How Is the Switching Capacity of a Relay Defined and What Determines It?

Updated Jul 21, 2022

Reported In


  • PXI Matrix Switch Module

Issue Details

One of the specifications on switches and relays is the switching capacity. What does this mean and how is it determined?


Switching capacity or switching load is usually rated with both voltage and current. The voltage is the load voltage which will be across the terminals of the relay when it is open. The current is the load current that will flow through both the load and relay when it is closed.

Switches often specify a minimum switching capacity (sometimes referred to as minimum switch load) in addition to a maximum switching capacity.  It is important to meet the minimum capacity of a switch to ensure long term health of the switch.  Over time particulates build up on the contacts of armature relays.  A minimum amount of current is required to burn off particulate build up on switch contacts when the relay is closed.  This is only a concern for electromechanical armature relays.  Reed relays are sealed in a noble gas and are not susceptible to particulate buildup.  SSR and FET relays are not mechanical and are also not affected.  

Additional Information

Relays theoretically do not dissipate any power. The equation for power is Power=Voltage*Current. When the relay is open, the current is zero. When it is closed, the voltage across the terminals is almost zero (depending on the load current and "on" resistance of the relay). In both cases, power is equal or very close to zero. Ideally when the relay opens, the voltage will instantaneously go to the load voltage and the current will instantaneously go to zero. If this were true, then the switching capacity would be as large as the gauge of wire used in the relay.
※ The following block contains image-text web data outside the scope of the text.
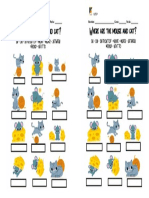 FIND THE PREPOSITION OF PLACE 3RO BÁSICO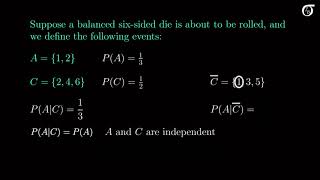 Independent Events Basics of Probability Independence of Two Events [upl. by Alyad890]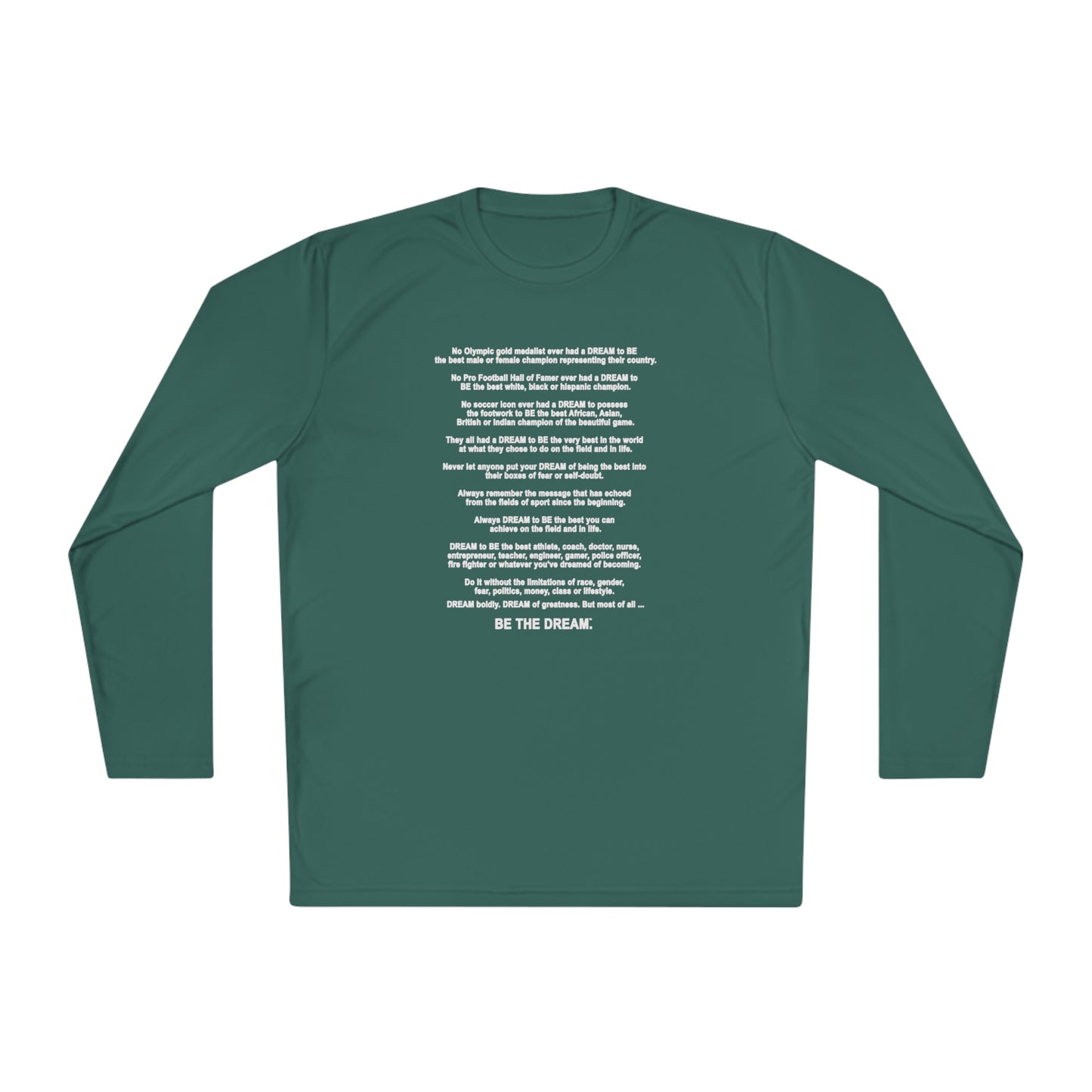 The "Be The Dream" Mantra - Softstyle Long Sleeve T-Shirt (Dark)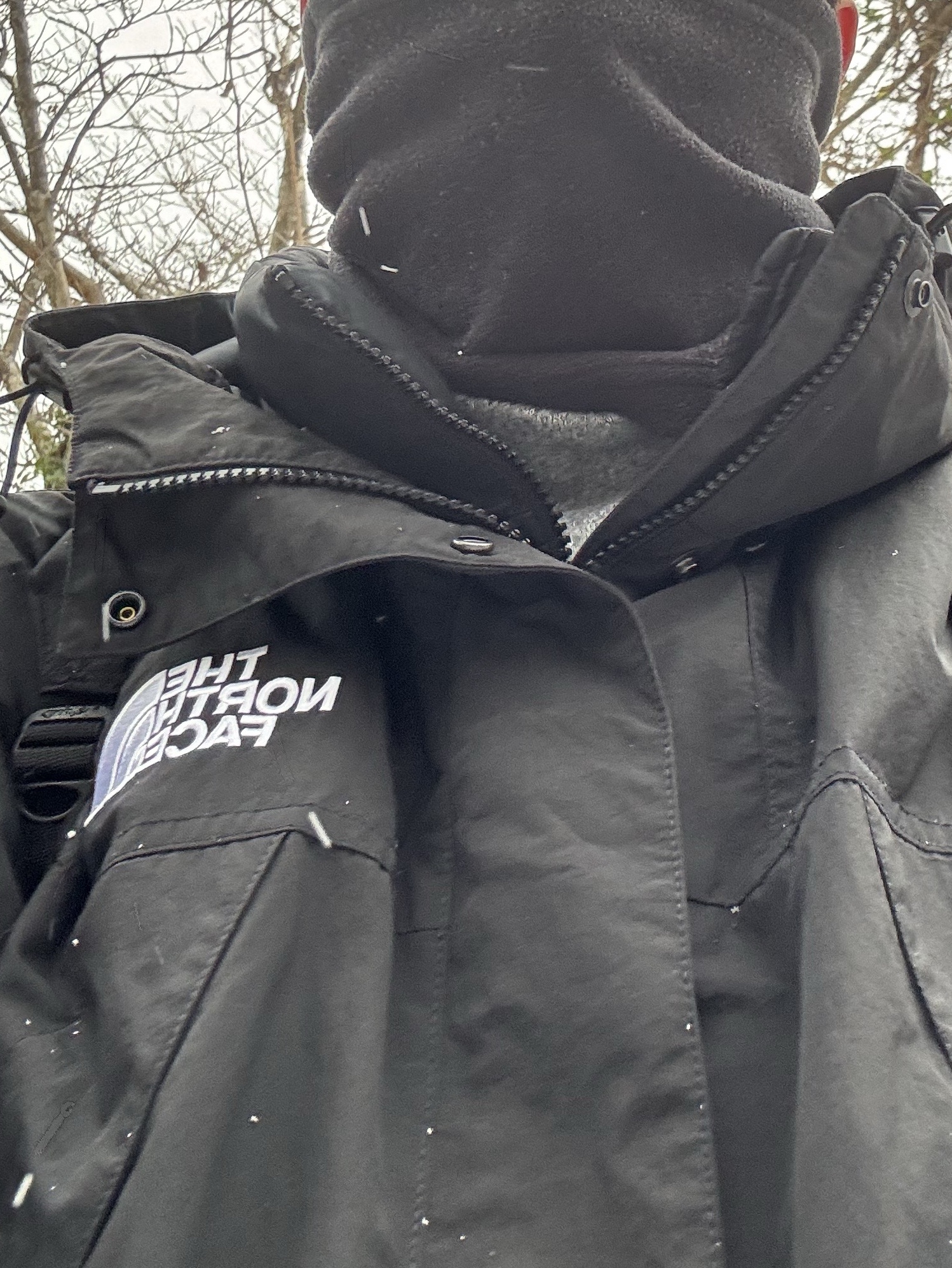 The North Face White Label Martis Jacket Black 착용 스타일 - 2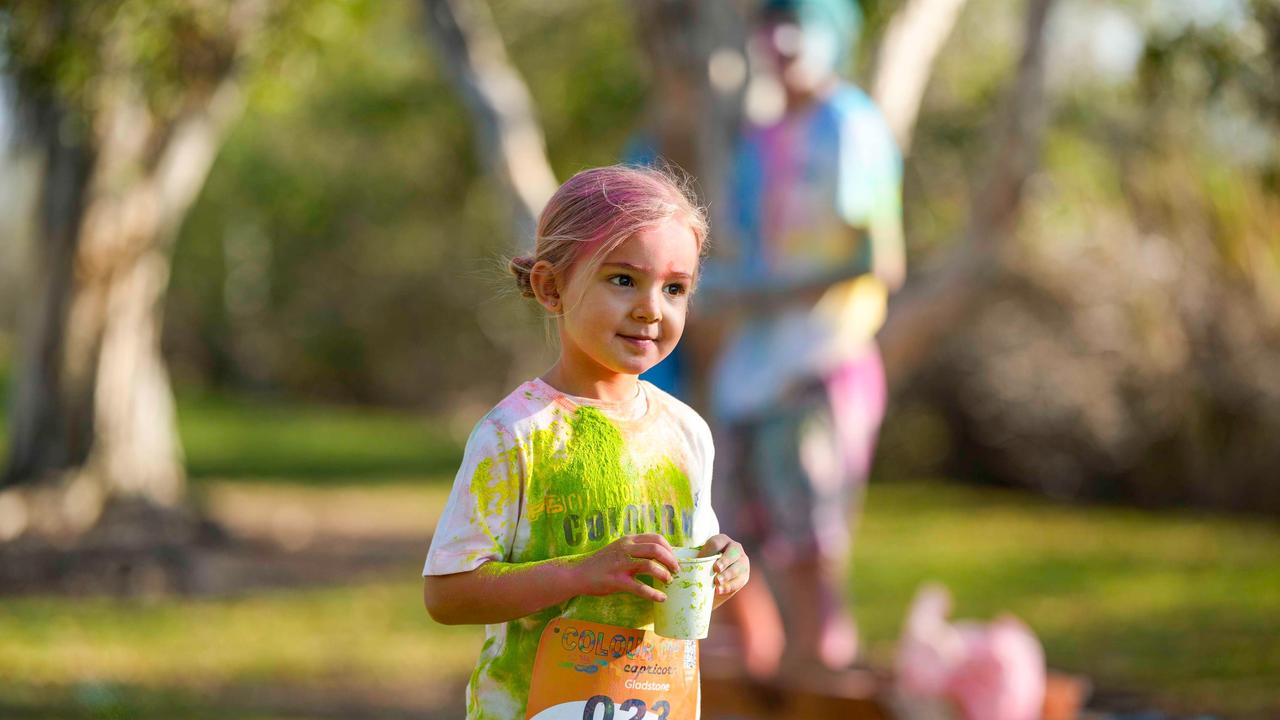 Photos from Cherryandjun Photography of the 2023 Gladstone Colour Me Capricorn fun run for the RACQ CapRescue.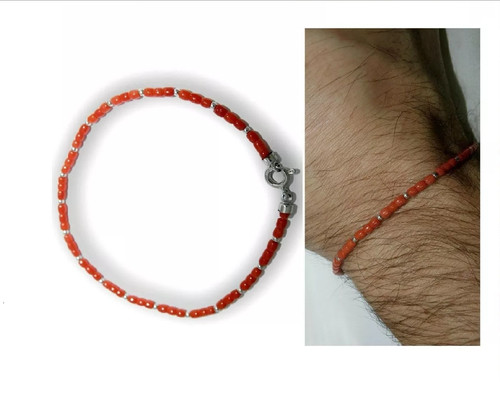 Bracciale corallo rosso - bracciale,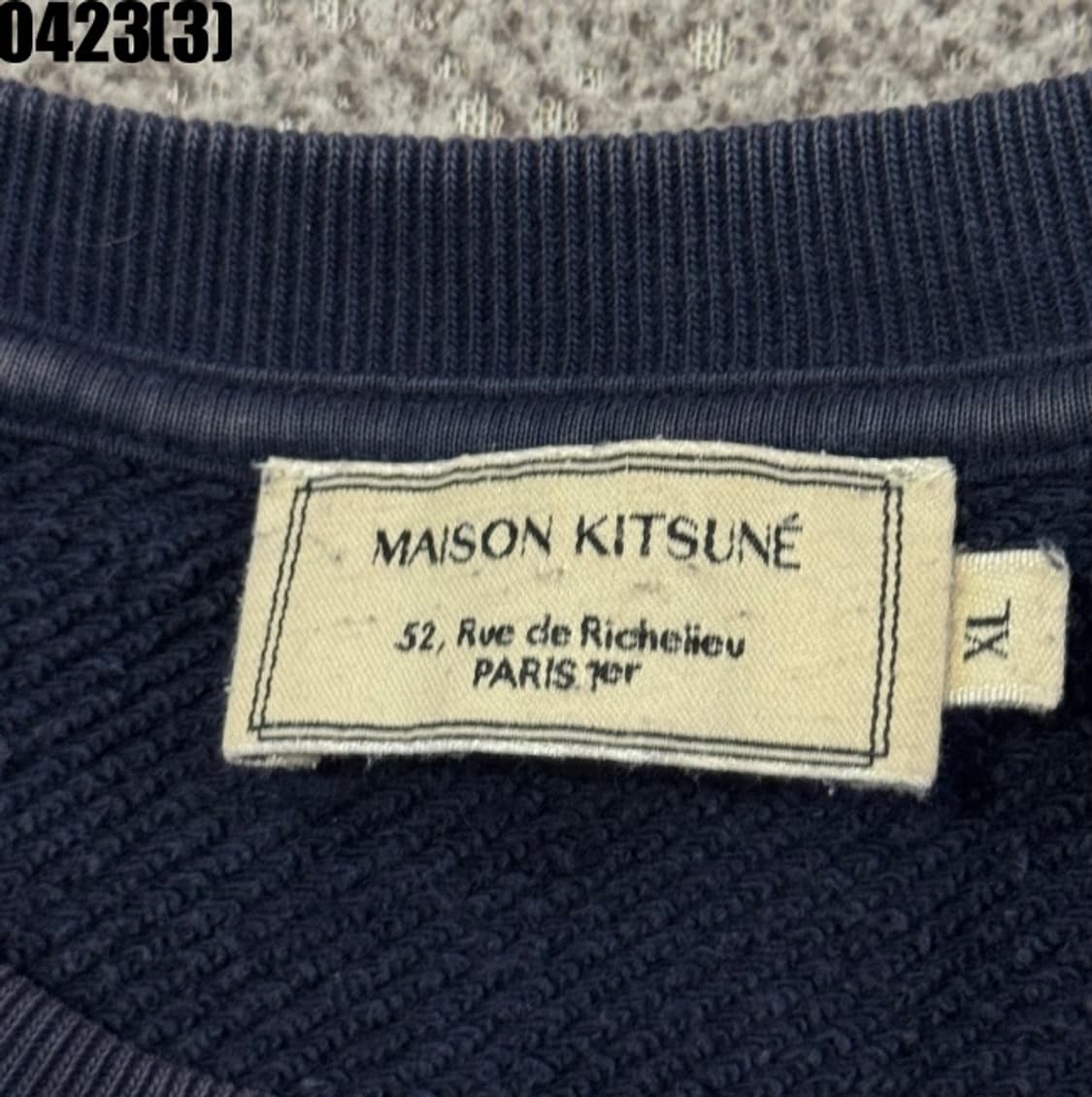 메종키츠네 맨투맨  상품이미지4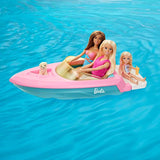 Barbie Boat with Puppy and Themed Accessories, Fits 3 Dolls, Floats in Water, Great Gift for 3 to 7 Year Olds (GRG29)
However, when the relay is in the process of switching, there is a finite time when both values are nonzero values. During this time, power will be dissipated in the relay. Depending on the inductance and capacitance of the load and relays, there may be large voltage and current spikes during this period of time when the relay is switching. This may generate a lot of heat in a very small area and consequently melt the contacts of the relays or leave corrosion that will shorten their life. With larger voltages and currents on your load, the switching time will be longer, and you will increase the energy (the time integral of power) dissipated in your relay. You may also have larger power spikes as the relay is in transition.

Another factor of the switching capacity has to do with the mechanical construction of the relay. When the relay is just beginning to switch, the force of the contact decreases which results in an increase of resistance. The load current flowing through this resistance will heat the contacts. There is also an instant when some parts of the contact are touching and some are not. By decreasing the surface area that the current is flowing through, the resistance is again increased. At the instant just before there is no contact, all of the current is flowing through an extremely small area. This last point of contact will get so hot that it will usually boil or even vaporize.

In practice, this issue often comes up with usage of the device in unexpected scenarios. For example, a PXIe-2532B in a 4 by 256 matrix will not be able to do a Fault Insertion Unit (FIU) Test because it's limit is sixty drives continuously. This is a direct example of the above mentioned theory and can be resolved by using a specific FIU scheme or be using an alternative PXI-2536 FET that can take multiple drives.